Actually, it’s wrong to say he never broke character – he did, but only once.
It happened one night while Soo performed his version of the deadly bullet catch trick. The gun he used hadn’t been cleaned properly the night before and this caused a buildup of gunpowder. This residual powder was enough to launch the bullet straight into his chest. As he collapsed he cried, “Oh my God, bring down the curtain. Something has happened.”
4. Killer Assistant
As a magician, it’s really important to have the right assistant. You need to have someone that you can trust – especially if you are performing deadly tricks. It was a lesson that the famed Black Wizard of the West would learn the hard way.
At the time, around 1922, bullet catch tricks were all the rage and this magician thought that he could cash in on the popularity of the illusion. But in his haste, he didn’t take the time to practice – or find the right assistant.
Instead, he bought some wax bullets and enlisted his wife as his stage aid. What he didn’t know was that she was a scorned woman and had grown to hate him. While he wasn’t looking she replaced the fake bullets with real ones and gunned down her husband on a Deadwood, South Dakota stage to the horror of audience members.
3. Drowned In A Milk Can
Nowadays people use giant vintage milk cans to make quaint farm style furniture but there was a time when these cans formed part of a dangerous magic trick.
Royden Joseph Gilbert Raison de la Genesta, or Genesta for short, was an American magician whose signature trick was the milk can escape. This trick involved the performer climbing into the milk can which was then filled with water and locked. He would then proceed to miraculously escape before he drowned.
But one night in 1930 Genesta climbed into his milk can to perform the feat oblivious to the fact that the can had been dented in transport. This limited the small space inside and prevented him from making the moves he needed to escape. Unable to free himself he drowned inside the can.

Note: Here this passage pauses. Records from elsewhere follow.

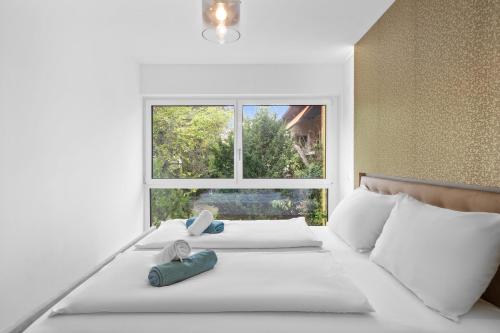a white bed with two pillows and a window at Apartments nähe Schloss Schönbrunn in Vienna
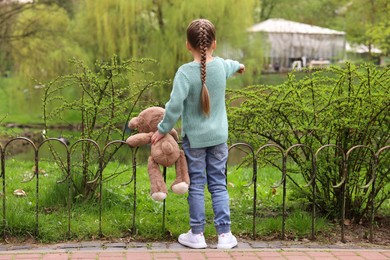 Photo of Little girl with teddy bear outdoors, back view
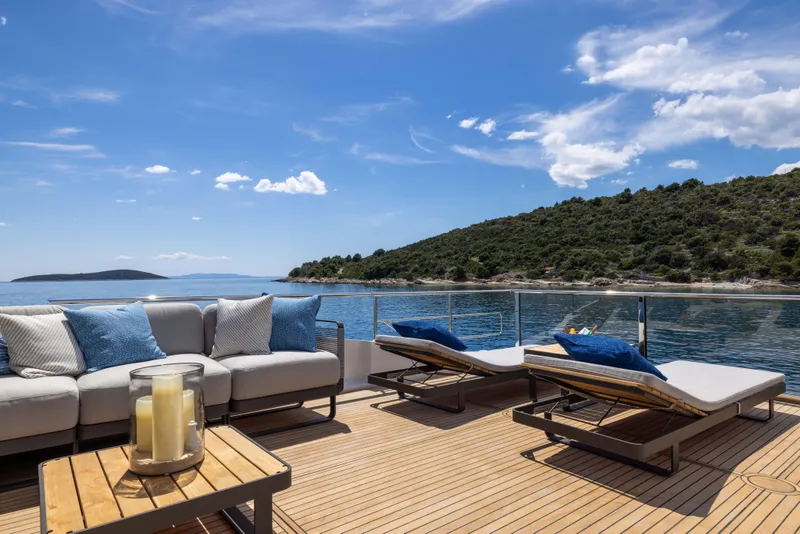 Slide: The Image of Luxurious deck of 2026 Absolute Navetta Co Ownership yacht with scenic ocean view. - 37
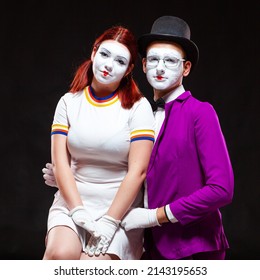 Portrait of two mime artists, isolated on black background. Young woman sits on mans knee. Symbol of family portrait, happy couple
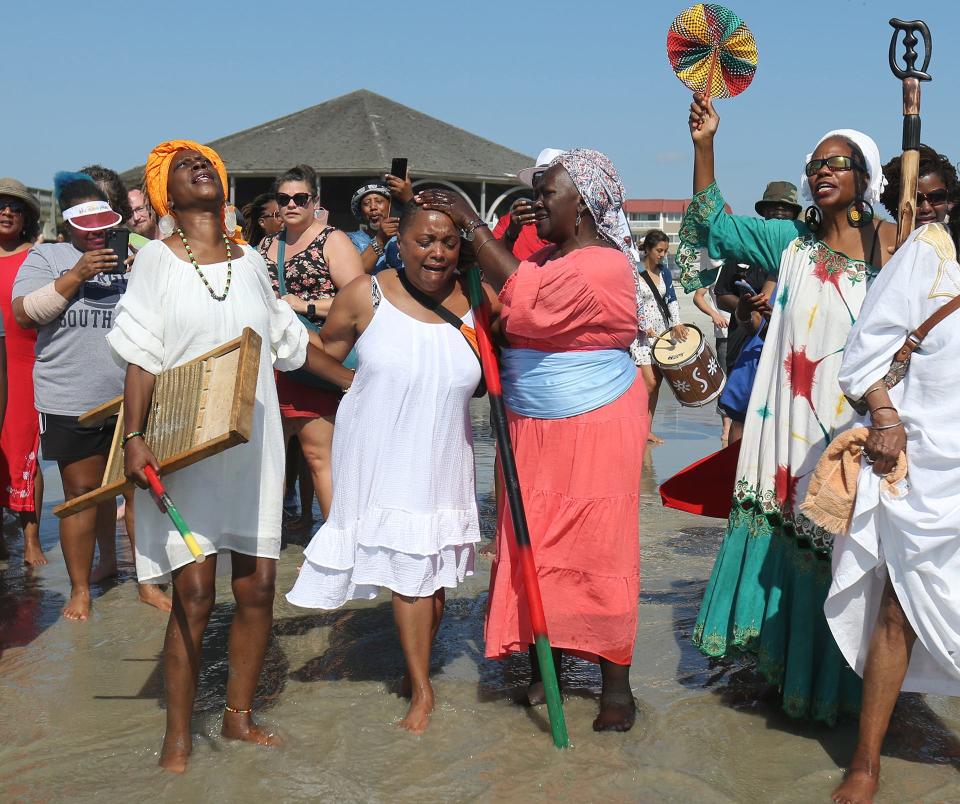 Patt Gunn places a scoop of water on Lila Womack's head as they stand in the edge of the ocean on June 19, 2022 during the Tybee Juneteenth Wade In. Womack made the drive from Atlanta to participate in the event for the first time and was overcome by emotion as she made her way into the water.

2. The Most Dangerous Trick
The Gun Trick or The Bullet Catch is considered to be one of the most dangerous tricks for a magician to perform. Despite the trick being only an illusion (because people just can’t catch bullets – unless they are David Blaine and have a reinforced mouthpiece) there’s just so much that can go wrong. That’s the reason that there are at least 15 known deaths associated with this trick.
One of the most famous of these tragic cases involved a Polish magician and his wife Madame DeLinsky. Their version of the trick involved six guns, upping the ante but also the danger. Madame DeLinsky would face six men who would all fire and she would “stop” all the bullets. But one fateful night one of the men loaded a live round instead of a blank into his rifle and shot her in the stomach. She died from her injuries two days later.
1. The Living Target
Many people think that David Blaine came up with the idea of using a steel plate in the mouth to catch a bullet but it was actually German magician Ralf Bialla AKA “The Living Target” who pioneered this method. In his version the bullet was fired through three panes of glass then into his steel reinforced mouthpiece via a funnel he made with his hands, protected in steel gloves.
He didn’t die doing this trick, which is pretty incredible on its own, considering he performed it more than 3000 times, but in the end, it did kill him. Over time he developed circulation problems caused by performing the trick and these lead to blackouts. Bialla went out for a walk one day and while admiring the scenery he blacked out and toppled over a cliff to his death.